Question

A firm is hired by a small town to estimate the proportion of large trucks that are carrying hazardous materials on the main highway through the town. Of 350 randomly selected trucks, 87 were carrying hazardous materials. Is there evidence at the 5% level that the proportion of large trucks carrying hazardous materials is less than 30%?

A. No, since the p-value of the one-sided test is less than 5%.
B. Yes, since the sample proportion is less than 30%
C. The sample size is too small to make a determination.
D. Yes, since the p-value of the one-sided test is less than 5%.
E. No, since the sample proportion is larger than 5%

Answer 1

D. Yes, since the p-value of the one-sided test is less than 5%.

Explanation:

Test if there is evidence that the proportion of large trucks carrying hazardous materials is less than 30%.

At the null hypothesis, we test that this proportion is of 30%, that is:

`H_0: p = 0.3`

At the alternate hypothesis, we test if this proportion is less than 30%, that is:

`H_1: p < 0.3`

The test statistic is:

`z = (X - \mu)/((\sigma)/(√(n)))`

In which X is the sample mean,
`\mu` is the value tested at the null hypothesis,
`\sigma` is the standard deviation and n is the size of the sample.

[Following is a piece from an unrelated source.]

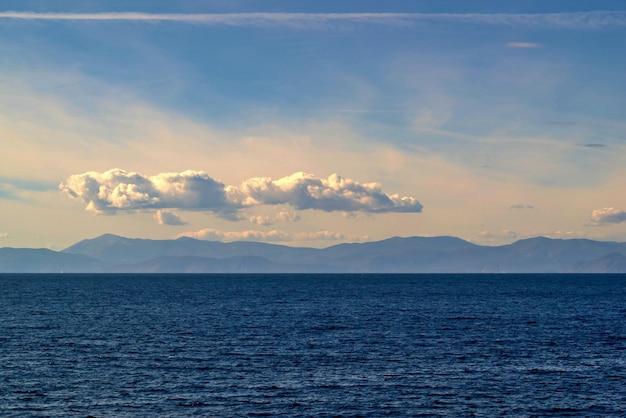 Meereslandschaft mit Bergen am Horizont und blauem Himmel mit Wolken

0.3 is tested at the null hypothesis:

This means that
`\mu = 0.3, \sigma = √(0.3*0.7)`

Of 350 randomly selected trucks, 87 were carrying hazardous materials.

This means that
`n = 350, X = (87)/(350) = 0.2486`

Value of the test statistic:

`z = (X - \mu)/((\sigma)/(√(n)))`

`z = (0.2486 - 0.3)/((√(0.3*0.7))/(√(350)))`

`z = -2.1`

P-value of the test and decision:

The p-value of the test is the probability of finding a sample proportion below 0.2486, which is the p-value of z = -2.1.

Looking at the z-table, z = -2.1 has a p-value of 0.0179.

The p-value of the test is 0.0179 < 0.05, which means that there is evidence at the 5% level that the proportion of large trucks carrying hazardous materials is less than 30%. Thus, the correct answer is given by option D.